EXERCISE INSTRUCTIONS:
Among the entries below, please repeat exactly and only the lines from the line containing "Simple Line Art Face with Flowers" to the line containing "Elegant Scoop Neck", both lines included.
━━━━━━━━━━━━━━━━
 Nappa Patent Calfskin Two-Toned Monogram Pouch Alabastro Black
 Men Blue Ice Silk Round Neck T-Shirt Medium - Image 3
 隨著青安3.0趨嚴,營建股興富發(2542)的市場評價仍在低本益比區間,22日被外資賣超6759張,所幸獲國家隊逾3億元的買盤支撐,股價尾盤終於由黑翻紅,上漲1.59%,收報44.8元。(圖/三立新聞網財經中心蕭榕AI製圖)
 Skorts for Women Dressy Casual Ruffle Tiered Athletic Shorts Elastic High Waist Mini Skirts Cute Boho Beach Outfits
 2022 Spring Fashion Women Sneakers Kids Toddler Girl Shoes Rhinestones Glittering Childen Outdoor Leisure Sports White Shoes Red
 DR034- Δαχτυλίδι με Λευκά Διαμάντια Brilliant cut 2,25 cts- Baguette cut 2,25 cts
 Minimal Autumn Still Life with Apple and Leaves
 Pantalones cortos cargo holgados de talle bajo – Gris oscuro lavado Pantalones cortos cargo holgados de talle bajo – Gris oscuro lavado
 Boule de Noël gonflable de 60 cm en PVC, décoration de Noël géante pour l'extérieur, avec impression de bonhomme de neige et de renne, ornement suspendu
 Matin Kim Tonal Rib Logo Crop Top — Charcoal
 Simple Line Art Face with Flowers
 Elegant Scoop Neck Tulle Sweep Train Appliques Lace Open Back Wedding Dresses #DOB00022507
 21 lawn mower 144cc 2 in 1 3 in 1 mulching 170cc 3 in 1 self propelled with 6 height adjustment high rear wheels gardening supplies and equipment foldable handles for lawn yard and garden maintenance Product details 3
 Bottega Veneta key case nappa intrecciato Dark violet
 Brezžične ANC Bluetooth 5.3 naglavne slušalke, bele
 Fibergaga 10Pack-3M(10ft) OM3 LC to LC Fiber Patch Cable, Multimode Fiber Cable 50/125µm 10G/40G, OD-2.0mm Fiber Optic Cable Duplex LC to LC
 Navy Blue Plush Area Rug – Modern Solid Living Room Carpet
━━━━━━━━━━━━━━━━
ANSWER TO THE PROBLEM:
 Simple Line Art Face with Flowers
 Elegant Scoop Neck Tulle Sweep Train Appliques Lace Open Back Wedding Dresses #DOB00022507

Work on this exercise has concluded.